Tsukamoto has been recognized for his talents on stages such as at Blue Note in New York City, NHK (Japan Broadcasting Corporation), International Storytelling Center and United Nations, and by scoring second place at the International Fingerstyle Guitar Championship both in 2018 and 2022.
8:00 PM
Massachusetts-based singer-songwriter Erin Ash Sullivan’s initial foray into music was as one-half of the folk duo Edith O. with Amy Speace. After a hiatus to focus on her family and career as an educator, she returned to writing and performing. In May 2021, she released her debut solo album, We Can Hear Each Other, which reached #10 on the FAI DJ Chart; her single, “Fireflies,” reached #8. In 2022, she was selected as one of the “Most Wanted” performers from Grassy Hill Emerging Artist Showcase at the Falcon Ridge Folk Festival and was John Platt’s selection for the Folk DJ Showcase at NERFA. She won the 2023 Rose Garden Performing Songwriter Competition, received the Mark Erelli Judge’s Choice Award in the New England Songwriting Competition, and was a finalist in the Great American Song Contest and the Mid-Atlantic Song Contest. WFUV’s John Platt describes Erin as having “a special talent that reminds me of early Dar Williams,” and Victor Infante of the Worcester Telegram & Gazette describes her music as “delicate and evocative” with songs full of “nuance and emotional resonance.”
9:00 PM
If nerditude had a formal name, it would be Grace Morrison.

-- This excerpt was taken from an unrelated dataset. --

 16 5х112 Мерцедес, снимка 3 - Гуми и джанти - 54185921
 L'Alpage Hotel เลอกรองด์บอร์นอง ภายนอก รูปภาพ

She’s a little bit of everything—pianist, accordion player, Renaissance Faire performer, cranberry grower, reader of historical nonfiction, coffee devotee (she sells her own coffee blend), and an unapologetic expert on all things New England. And somehow, all these quirks weave seamlessly into the fabric of her music, making her one of the most unique and endearing songwriters around.
Born and raised on the shores of Cape Cod, Grace Morrison has trademarked a sound she calls Saltwater Country. “I was always too pop for folk and too folk for country. Eventually, I started peeling back the layers of my music to find out what truly made it mine. At the heart of it all was my deep, undeniable connection to the Cape Cod coastline—it’s in my blood, in my voice, in every lyric I write. My music carries the storytelling of country, the twang, but also the raw, unshakable spirit of a Swamp Yankee. That’s Saltwater Country.”